Параграф 2.2 переносит тот же вопрос на отечественную культуру. Здесь исходная ситуация иная: длительное православно-византийское предпочтение платонических интонаций и историческая связь аристотелизма с западной католической схоластикой препятствовали тому, чтобы Аристотель занял в русской мысли место, сопоставимое с его ролью на Западе. В XIX веке его нередко воспринимали опосредованно, через немецкую философию; советская историография, с одной стороны, расширила доступ к текстам, но, с другой, закрепила упрощенные образы энциклопедиста, формального логика или ступени в истории материализма. Богатова показывает разные попытки выхода из этого положения. А. Ф. Лосев сохраняет живую связь с античностью, но его платоническая оптика одновременно поддерживает образ Аристотеля как систематизатора, не вполне понимающего учителя. М. Л. Гаспаров, напротив, способен обращаться с Аристотелем как с профессиональным собеседником, чья «Поэтика» остается рабочим аналитическим инструментом. С. С. Аверинцев отчетливо видит саму культурную нехватку продуктивного русского аристотелизма и ставит вопрос о необходимости нового освоения этого наследия. А. Г. Черняков продолжает линию уже на уровне фундаментальной онтологии времени. Благодаря этому глава убедительно демонстрирует: история рецепции — не приложение к философии, а свидетельство того, какие вопросы определенная культура способна или неспособна задать древнему тексту.
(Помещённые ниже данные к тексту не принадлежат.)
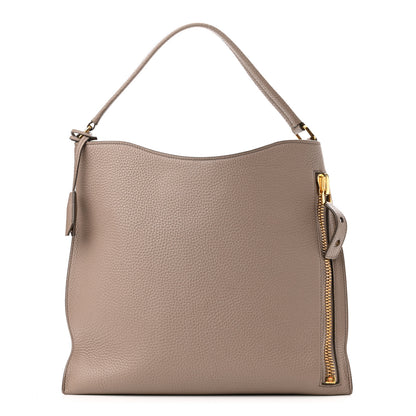 Tom Ford Pebbled Calfskin Alix Padlock Zip Hobo Bag Taupe 3 of 9
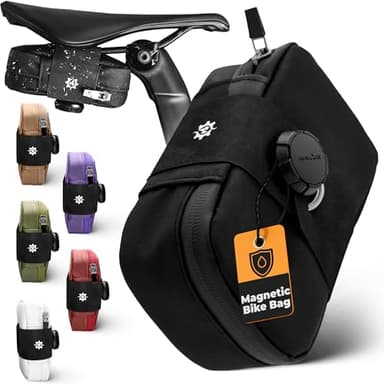 Lumiere & Co. Falcon de Sacoche magnétique – 0,69 L | 15 cm x 9 cm x 5 cm | Design Minimaliste élégant, Fixation Rapide par Boucle magnétique | Sacoche de vélo (Noir, Grande Taille)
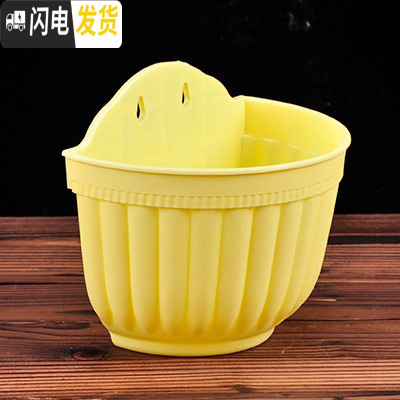 三维工匠简约塑料绿萝多肉吊盆挂盆 垂吊花盆壁挂式花盆 悬挂式吊篮盆 砖红色6个(配挂钩) 特大[口长24.5CM花盆容器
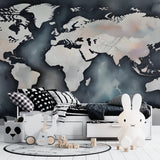 Study room with navy blue world map wall mural, showcasing detailed continents and watercolor effect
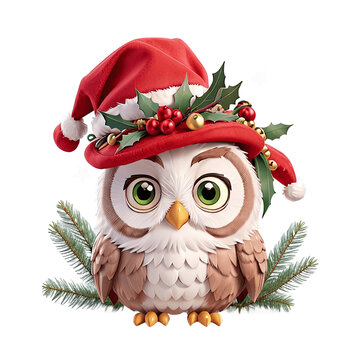 Christmas Owl Svg & Png Clipart Decor Ornament , Free Extra Owl Post Christmas Watercolor Owl Svg And Png For Sublimation Tumbler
Третья глава М. А. Богатова составляет концептуальный центр первого раздела. В параграфе 3.1 предлагается понятие «онтологии декларации». В классической онтологии исходным вопросом является то, что есть; в новоевропейской нормативной культуре все большую власть получает вопрос о том, что должно быть; в новейшем состоянии, по мысли Богатова, само провозглашение желаемого порядка начинает претендовать на онтологическую силу. Декларация оказывается уже не сообщением о реальности и даже не требованием изменить ее, а жестом, который стремится производить действительность собственной артикуляцией. Поэтому политическая и дипломатическая риторика неожиданно становится моделью философствования. В такой перспективе прочитываются и лозунг создания концептов у Делеза и Гваттари, и некоторые версии объектно-ориентированной онтологии. Финальная метафора «предсмертного заявления» придает рассуждению характер диагноза: философия, довольствующаяся декларированием устройства бытия без обязательства перед самим бытием, ведет себя так, словно за последним словом уже не последует действие. Это один из наиболее оригинальных, хотя и наиболее полемичных фрагментов монографии.
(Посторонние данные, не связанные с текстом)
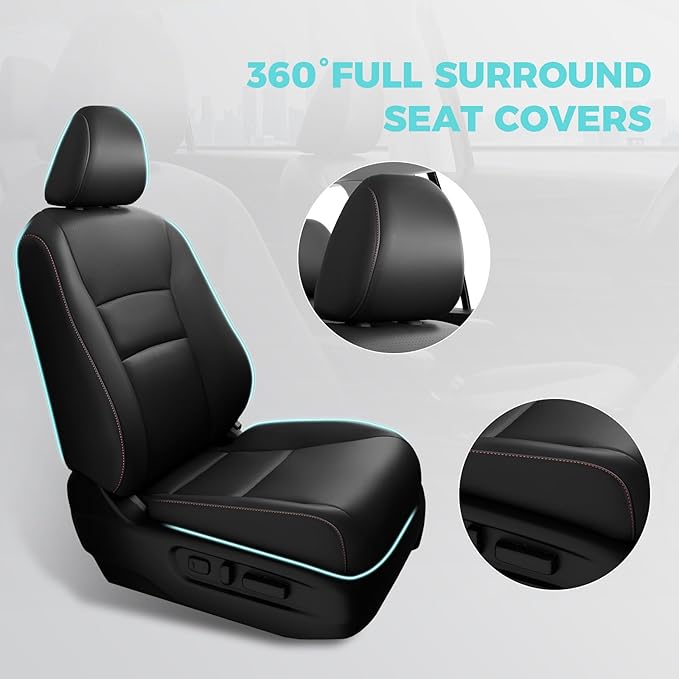 for Honda Pilot Seat Covers, Full Set Custom Car Seat Protectors Fit Pilot EX-L, Special Edition, Touring, Sport 2016 2017 2018 2019 2020 2021 2022 - 8 Seats, Full Coverage Waterproof, Black Red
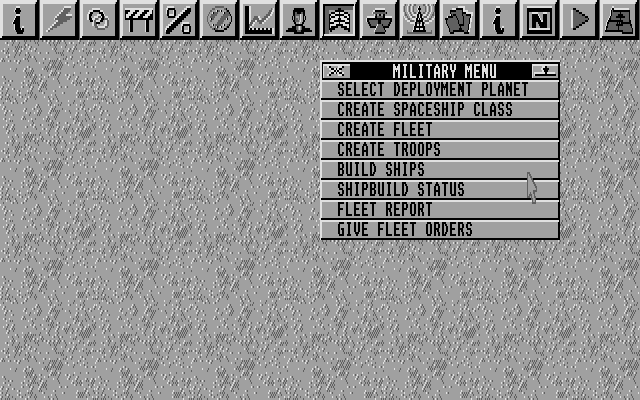 Imperium (Atari ST) screenshot: Military menu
В 3.2 проблема дара позволяет Богатову соединить политическую теологию и онтологию. Исходная загадка проста: почему дарение, благодарность и взаимность, без которых человеческое общество едва ли возможно, в современной философии оказываются труднейшими апориями, тогда как обмен, договор, принуждение и насилие воспринимаются почти как самоочевидные модели отношений? Теологический ответ строится через историю секуляризации. Если первичной моделью дара был Божий дар и остальные дары могли пониматься по аналогии с ним, то устранение Бога из картины мира оставляет практику дарения без прежнего основания. Политическая теология обнаруживает генеалогию утративших религиозное содержание понятий, а богословская и теоэстетическая альтернатива ставит под вопрос окончательность самой секуляризации. Онтологический уровень еще радикальнее: бытие рассматривается как уже-данность, которая предшествует всякой экономике обмена и присвоения. Поэтому Богатов переворачивает обычную логику критической теории: «Не бытие является насилием, но насильственен сам жест отвержения бытийной данности». Теологическая сила этого тезиса состоит в восстановлении связи дара с творением и с возможностью мыслить существование не как результат долга, сделки или принуждения, а как изначальную незаслуженность того, что вообще что-либо есть.

Параграф 3.3 возвращает рассуждение к Аристотелю и предлагает противопоставить современному прогрессистскому чувству истории античную структуру времени. Формула «лучшее — в прошлом» истолковывается не как ностальгия и не как отказ от действия. Прошлое бросает агональный вызов настоящему: если великие образцы уже состоялись, современный человек должен сделать так, чтобы великое состоялось вновь. Отсюда особая роль героев, предков и биографического exemplum, поясняемая через Плутарха. Главный философский ход связан с аристотелевской energeia. Богатов предлагает услышать ее через русское «бывает»: действительность первична по отношению к возможности, потому что всякое начало действует лишь в мире, где уже есть соответствующий порядок осуществления. Желудь становится дубом, строитель строит дом, человек ищет обитание не на основании произвольного проекта будущего, а внутри действительности, которая уже открывает такие возможности. Энергия не располагается просто в прошлом, настоящем или будущем; она определяет само настоящее как полноту действительности, из которой начало обращено к будущему. Поэтому история перестает быть пустой линией новизны. Прошлое присутствует в настоящем как мера и вызов, а будущее — как осуществление или неосуществление того, что уже заявило себя действительным.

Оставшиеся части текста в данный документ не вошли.